7M2. Explain the difference between model selection and model comparison. What information is lost under model selection?
#Model selection: rank models by information criteria and choose the highest ranked model.
#Model selection discards information about model uncertainty.
#Model averaging: weight every model by its relative distance from the best model and create a posterior predictive distribution comprising predictions from every model in proportion to these weights
#Model averaging: retains some information, discards some information about model uncertainty,
7M3. When comparing models with an information criterion, why must all models be fit to exactly the same observations? What would happen to the information criterion values, if the models were fit to different numbers of observations? Perform some experiments, if you are not sure.
# if a model is fit to different observations. this model may be different purpose from other models
# if use fewer observations, the model may be perform better, as the deviance will be smaller. many R regression functions will drop incomplete cases, and reduce the observations. it's normal cases, but will bring bad results.
7M4. What happens to the effective number of parameters, as measured by PSIS or WAIC, as a prior becomes more concentrated? Why? Perform some experiments, if you are not sure.
# when prior becomes more concentrated around particular parameter values, the model is less flexible in fitting the sample
# more concentrated, prior represents more previous data, the model is less flexible, the effective number of parameters declines.
# some codes to show this
# change the value for sigma in the data list. the smaller sigma, the more concentrated the prior and the smaller the effective number of parameters
library(rethinking)
## Loading required package: rstan
## Warning: package 'rstan' was built under R version 4.0.3
## Loading required package: StanHeaders
## Loading required package: ggplot2
## Warning: package 'ggplot2' was built under R version 4.0.3
## rstan (Version 2.21.2, GitRev: 2e1f913d3ca3)
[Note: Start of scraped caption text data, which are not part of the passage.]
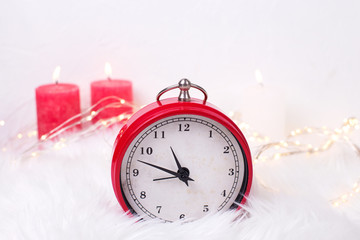 Red clock - symbol of  New Year and birning candles  on white fur background.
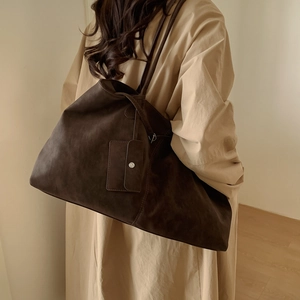 Detail of dark brown faux suede tote bag featuring a large capacity minimalist design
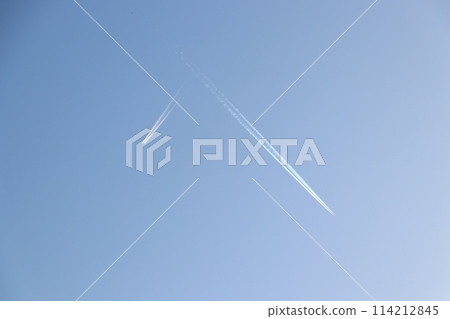 A white plane shining in the deep blue sky, leaving a contrail in the air A white plane shining in the deep blue sky, leaving a contrail in the air 114212845
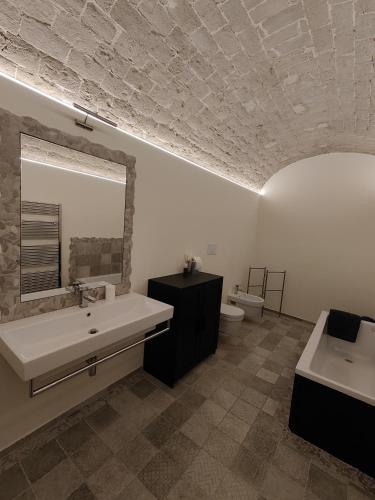 a bathroom with a sink and a mirror and a toilet at La casa del tempo in Vittorito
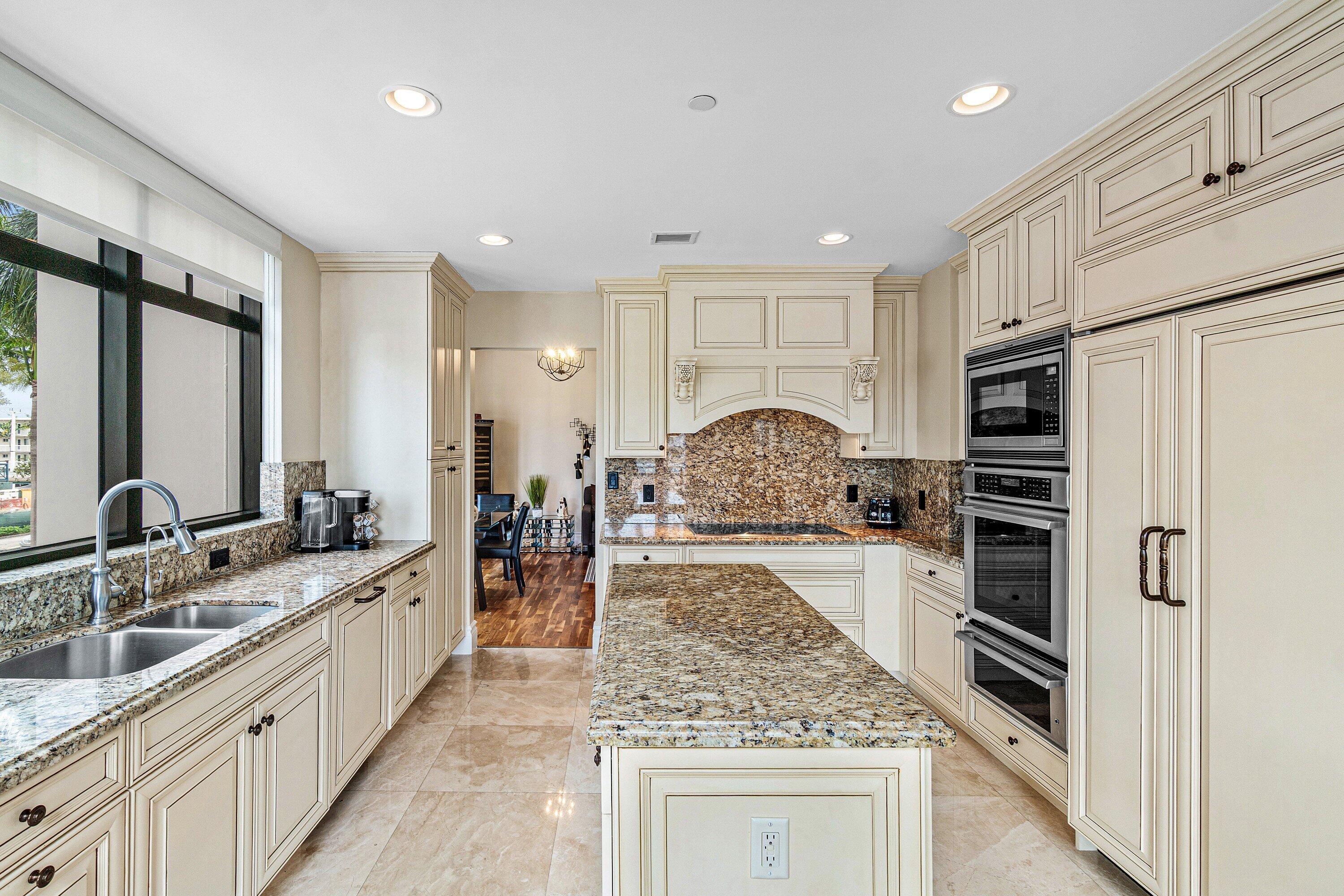 200 East Palmetto Park Road, Unit 22 Boca Raton, FL 33432 - Photo 11 of 44 a large kitchen with stainless steel appliances granite countertop a stove oven and a refrigerator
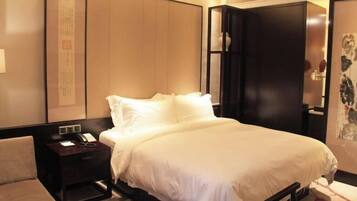 Una habitación de hotel con cama, mesita de noche con teléfono, lámpara y una pared decorada con obras de arte.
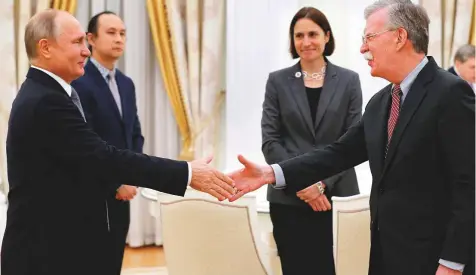  ?? AP ?? Russian President Vladimir Putin greets US National Security Adviser John Bolton during their meeting in the Kremlin in Moscow, Russia, yesterday.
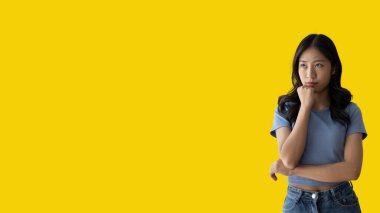 Young Asian woman thinking hard or planning to do something, Overthinking or worrying, Have a headache, Migraine, Stress, Free space for advertising or promoting products, Copy space, Enter text.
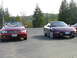 1989 Nissan 300ZX - A purple Ford Probe is parked next to a red convertible with trees in the background.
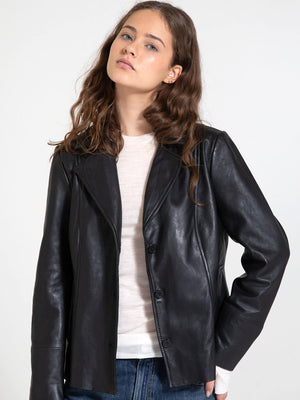 A model showcases a stylish black leather jacket from MEOTINE, featuring a tailored fit and button closure, perfect for any occasion.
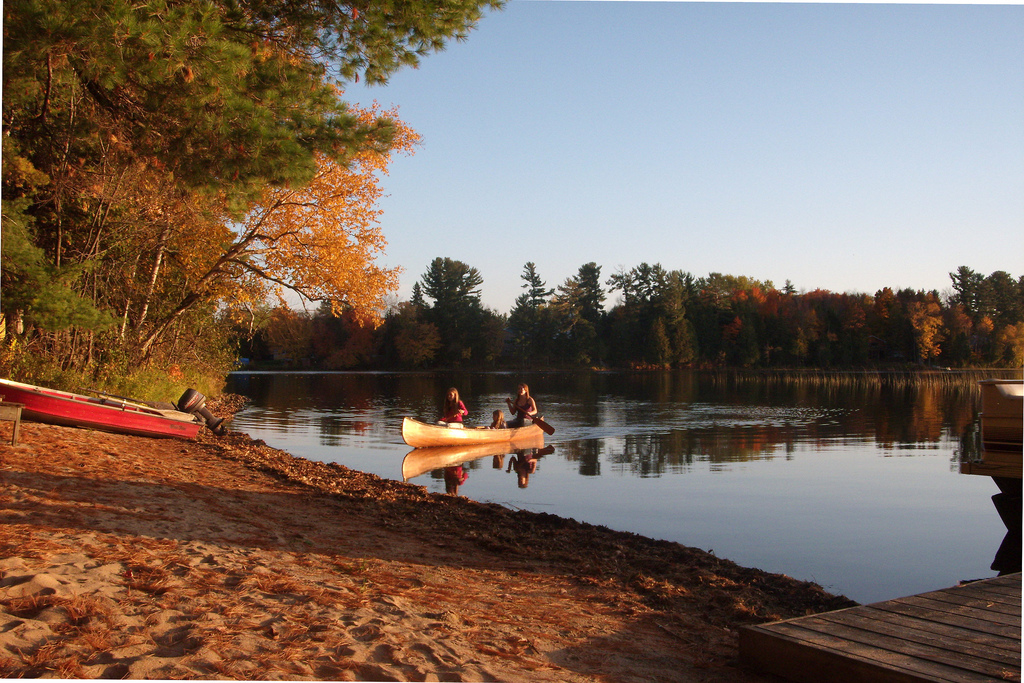 Girls in a canoe on a lake in Fall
## For execution on a local, multicore CPU with excess RAM we recommend calling
## options(mc.cores = parallel::detectCores()).
## To avoid recompilation of unchanged Stan programs, we recommend calling
## rstan_options(auto_write = TRUE)
## Do not specify '-march=native' in 'LOCAL_CPPFLAGS' or a Makevars file
## Loading required package: parallel
## Loading required package: dagitty
## Warning: package 'dagitty' was built under R version 4.0.3
## rethinking (Version 2.01)
##
## Attaching package: 'rethinking'
## The following object is masked from 'package:stats':
##
## rstudent
y <- rnorm(10) # execute once to get data
# repeat , change sigma each time
m <- quap(
alist(
y ~ dnorm(mu,1),
mu ~ dnorm(0,sigma)
), data=list(y=y,sigma=10) )
WAIC(m)
## WAIC lppd penalty std_err
## 1 35.11963 -16.07976 1.480054 6.425264
7M5. Provide an informal explanation of why informative priors reduce overfitting.
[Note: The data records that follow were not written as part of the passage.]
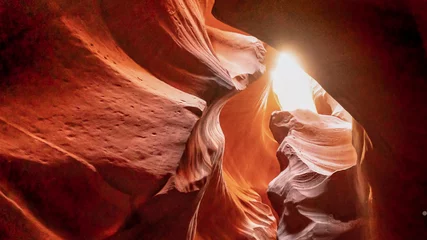 Fototapeten Antilope Bright sun seen through a small gap of sandstone ceilling in Upper antelope,  © LeeSensei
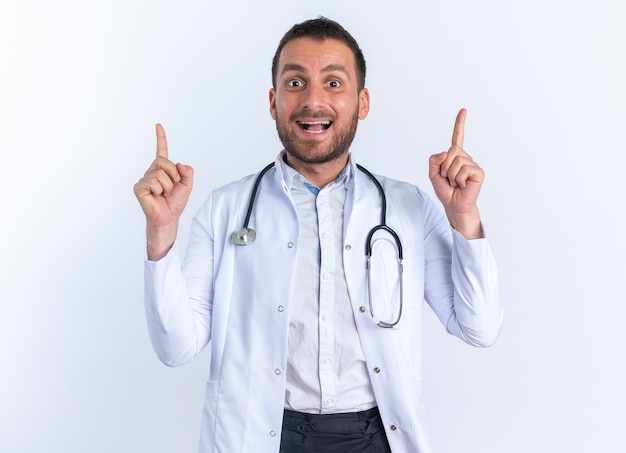 Médico joven en bata blanca y con estetoscopio alrededor del cuello feliz y positivo mostrando los dedos índices teniendo una gran idea de pie sobre la pared blanca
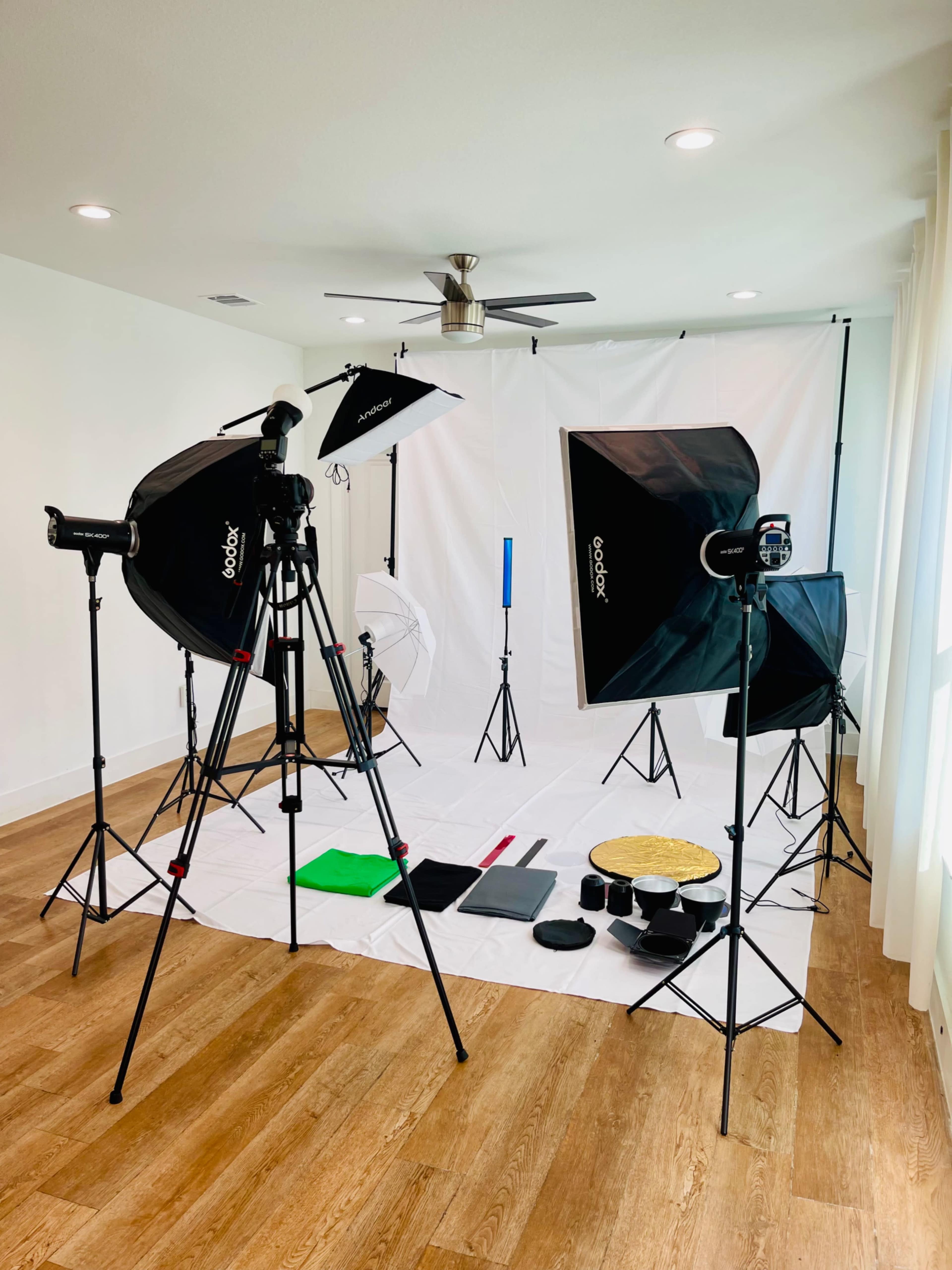 A photography studio setup features softbox lights, tripods, and a white backdrop with various colored props arranged on the floor.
# Informative priors reduce overfitting by reducing the sensitivity of a sample model. some sample information is irregular, it's not a recurring feature of the process of interest.
7M6. Provide an informal explanation of why overly informative priors result in underfitting.
# if a prior have over information, then the model even will not learn the regular features of a sample. the model may underfit the sample. there is usually a broad family of priors which is almost not different to the same sample.